Parable of the Sower: 10. Take the Hero’s Journey–Become the Mythmaker

This year I read a biography of Ronald Reagan by Rick Perlstein called The Invisible Bridge:  The Fall of Nixon and the Rise of Reagan.   I was fascinated by the turn of events that caused Ronald Reagan as an inwardly-focused, shy boy to transform into the outward-going, charismatic individual he would be for the rest of his life.  It was not an external event, but an internal one.   He went to the library and started reading tales of heroes such as the “rags to riches” stories by Horatio Alger, and the Tarzan novels by Edgar Rice Burroughs.   He decided that he would embody the hero’s journey that he had been reading about.

It’s important in having a passion in life to recreate it from being the mere prosaic concatenation of events, the everyday version of what the historian Arnold Toynbee once called history as being described in dull textbooks as “one damned thing after another,” to being a hero’s journey or adventure.

1.  The Hero’s Journey:  the 10 Elements

What is the Hero’s Journey?   If you look at the illustration which I have borrowed from Jeff Salzman’s website The Daily Evolver, you can see that it has the following 10 elements, which I will illustrate using a modern myth that most people will recognize, that of Star Wars (the first trilogy).

a.  Call to Adventure

The hero is living a normal life, when he or she suddenly gets the call to adventure.   In the case of Luke Skywalker, he is living a prosaic life of what is the future equivalent of being a farmhand, when he purchases two droids, C-3PO and R2-D2. R2-D2 goes off in search of Obi Wan Kenobi, a “retired” Jedi master.

b.  Supernatural aid

In following the droid R2-D2, Luke gets to meet Obi Wan Kenobi, who invites him to help him on his quest to save Princess Leia.   Although Luke initially declines the invitation, his return to the farm brings the horrifying discovery that his aunt and uncle have been brutally murdered by agents of the Empire.   He decides to go with Obi Wan and so they go to town to sell Luke’s speeder and to gain passage on a space ship that will take them to the Princess.

c.  Threshold Guardian(s)

The Mos Eisley Cantina, (a “space bar”) is the threshold between the “known” (the planet Tatooine) and the “unknown”.  Here Luke sees people who have been out there in space, and has his first glimpse of aliens.    The guardians are the beings at the interface between the known and the unknown which test the readiness of the hero to move forward.   In the Star Wars saga, you could say that the aliens in the Cantina are the first test of the hero, because of them threatens Luke, who is rescued by Obi Wan Kenobi.

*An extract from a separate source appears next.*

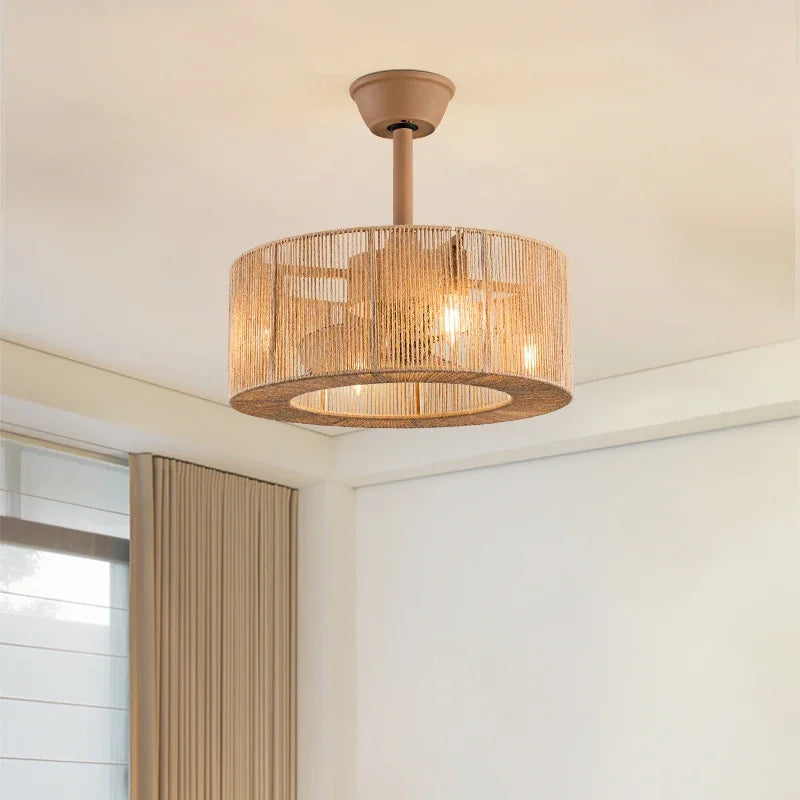 plafonnier décoratif en corde tressée avec ventilateur et intensité variable - vue 3 sur 11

d.  Threshold (beginning of transformation)

Once they meet Han Solo, they leave the planet in the Millenium Falcon, which gets caught in the tractor beam of the Death Star.   When Luke decides to risk his life to save that of Princess Leia, to whom he is inexplicably drawn, that is the first step on his journey to becoming a hero.

e.  Challenges and Temptations (Mentors and Helpers)

Obviously, Obi Wan is the first mentor that appears to help Luke on his journey.  But as Joseph Campbell pointed out in his analysis of the Star Wars saga in his conversations with Bill Moyers, Obi Wan not only gives Luke a physical instrument of power (the lightsabre), he gives him a new psychological center as he teaches him about the Force and how a Jedi must work with it as the source of his power.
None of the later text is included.